Deriving the formula for the height of a trapezoid The bases of a trapezoid have lengths $a$ and $b$, and its legs have lengths $c$ and $d$. A formula for the height is
\begin{equation*}
h = \frac{
\sqrt{(-a + b + c + d)(a - b + c + d)(a - b - c + d)(a - b + c - d)}
}
{2\vert a - b \vert} .
\end{equation*}
The formula is reminiscent of Heron's Formula.  I would like to see a derivation of it.
 A: Here is a link http://villemin.gerard.free.fr/Wwwgvmm/Geometri/Trapeze.htm to a (french language) website mentioning this formula (go almost to the last page) under the form:
$$h=\dfrac{\sqrt{((b+d)^2-(a-c)^2)((a-c)^2-(b-d)^2)}}{2(a-c)}$$
Edit Translation of a small part of the site of Gérard Villemin:
Isosceles trapezoid
Characterization or necessary and sufficient conditions for a trapezoid to be isosceles


*

*Two angles adjacent to the same base are equal.

*Non parallel sides have the same length.

*The measures of the two diagonals are the same.

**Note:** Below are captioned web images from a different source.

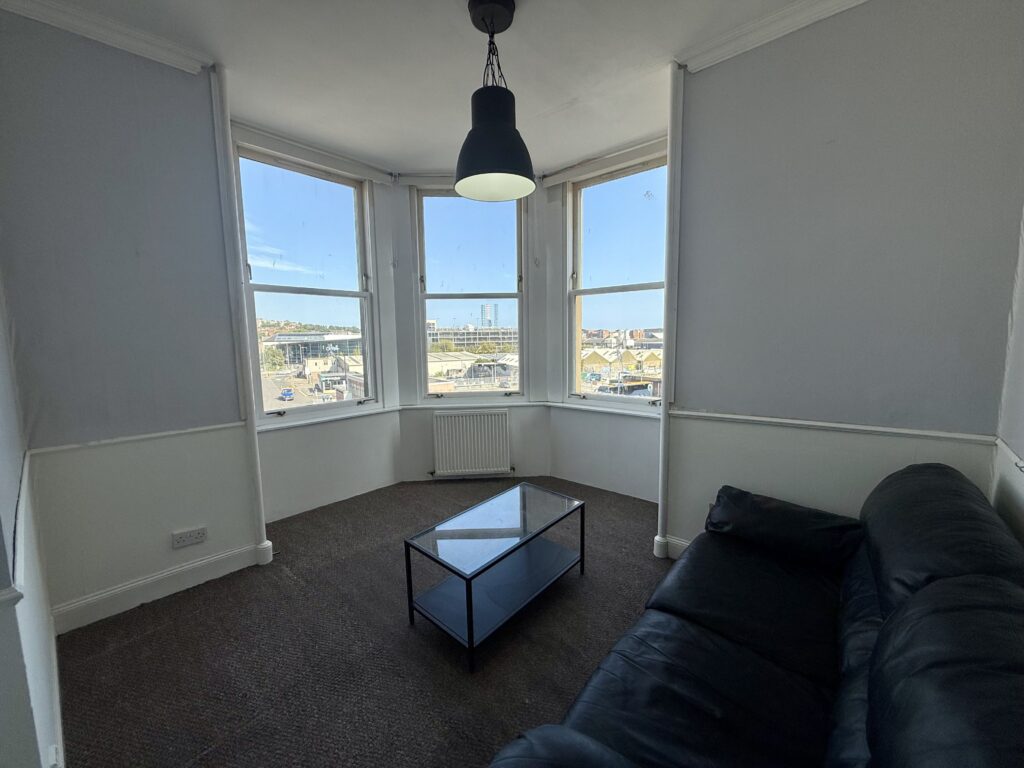 Flat Seagate in Dundee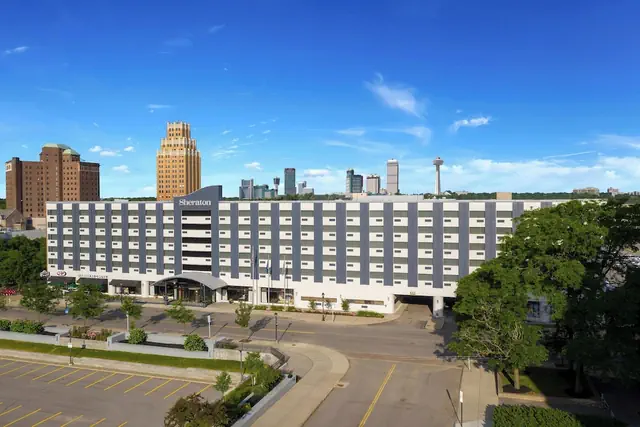 Photo 1 - Sheraton Niagara Falls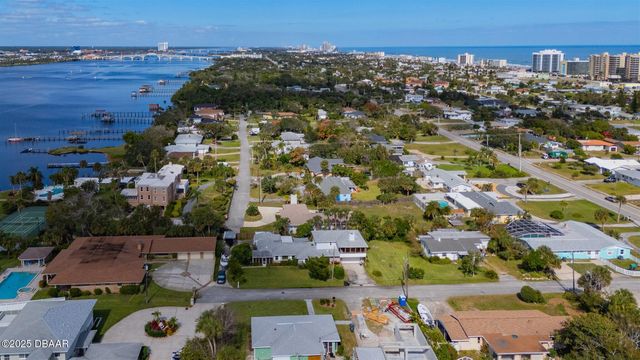 2101 S Halifax Drive, Daytona Beach, FL 32118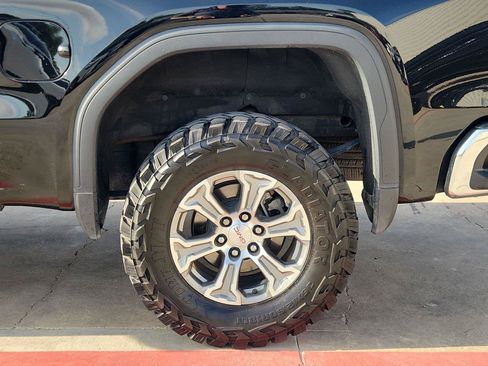 Used 2024 GMC Sierra 1500 SLT AWD/4WD image 32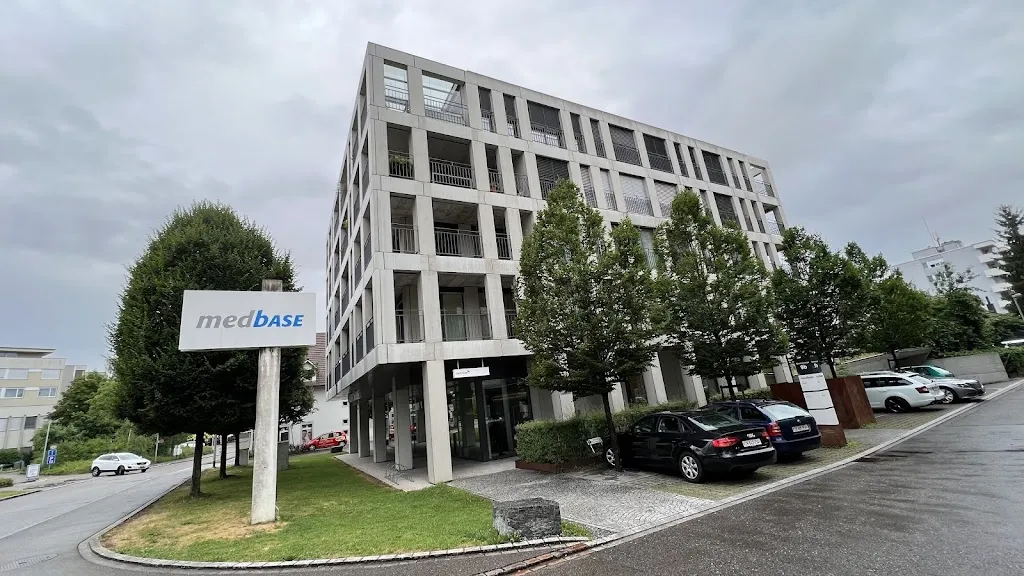 Medbase Kloten Arzt in Martina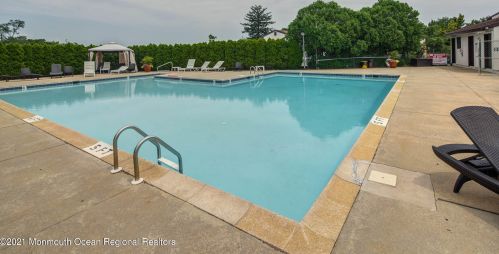 118 Tower Hl Dr, Tinton Falls NJ 07701-2400 exterior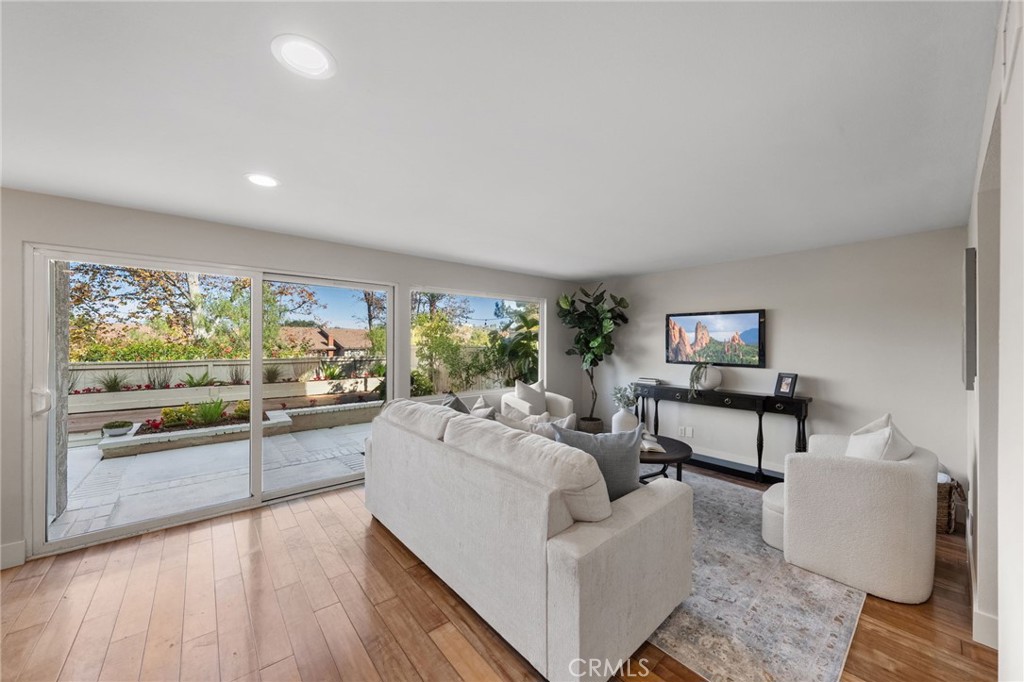 MLS #OC25269688 image #16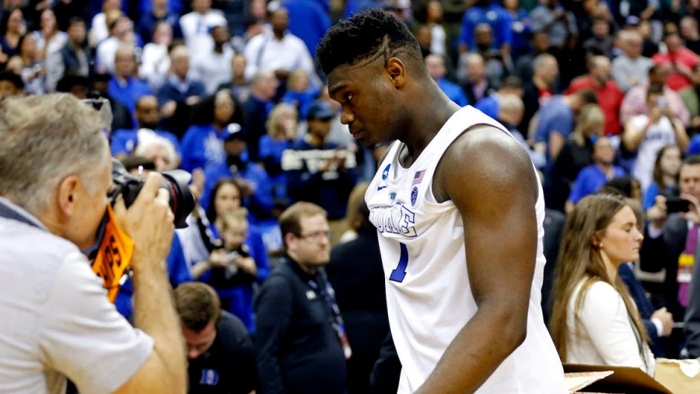 伦纳德低位单打成绝杀武器 快船逆袭附加赛争季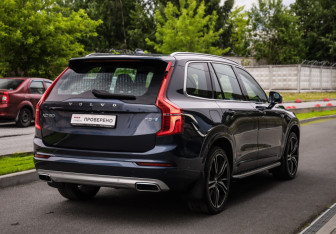 Подержанный автомобиль Volvo XC90 2020 года (8 фото)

*The two bases have a common perpendicular bissector, which is besides an axis of symmetry of the trapezoid.

*If the trapezoid is isosceles, the sum of opposite angles is $\pi$. 
Alignment: theorem of trapezoid
Trapezoid  : ABCD
Sides intersect in point : m
Diagonals intersect in : s
Bases midpoints : n and t.
Theorem : The four points m, n, s, and t associated with the trapezoid are aligned.
Avec les diagonales -> with the diagonals
Due to the fact that sides AB and CD are parallel, triangles APB et CPD are similar and diagonals intersect themselves in the same proportions p/p'=q/q'.
Relationship between P and Q diagonals and sides
A convex quadrilateral is a trapezoid if and only if the product of the areas of triangles "created" by one diagonal is equal to the product "created" by the other one: $(V+U)...$. Developing...But V=T, validation the affirmation.
Yes, the third column gives examples.
A: Your formula "is reminiscent of Heron's Formula" because it is based on Heron's Formula.
One formula for the area of a triangle is
$$A=\frac 12bh$$
and Heron's formula gives
$$A=\sqrt{s(s-a)(s-b)(s-c)}$$
where $s$ is the semiperimeter given by
$$s=\frac{a+b+c}2$$
Here is a diagram for the derivation for the height of your trapezoid, assuming that $a>b$ (i.e. $a$ is the larger base and $b$ is the smaller one).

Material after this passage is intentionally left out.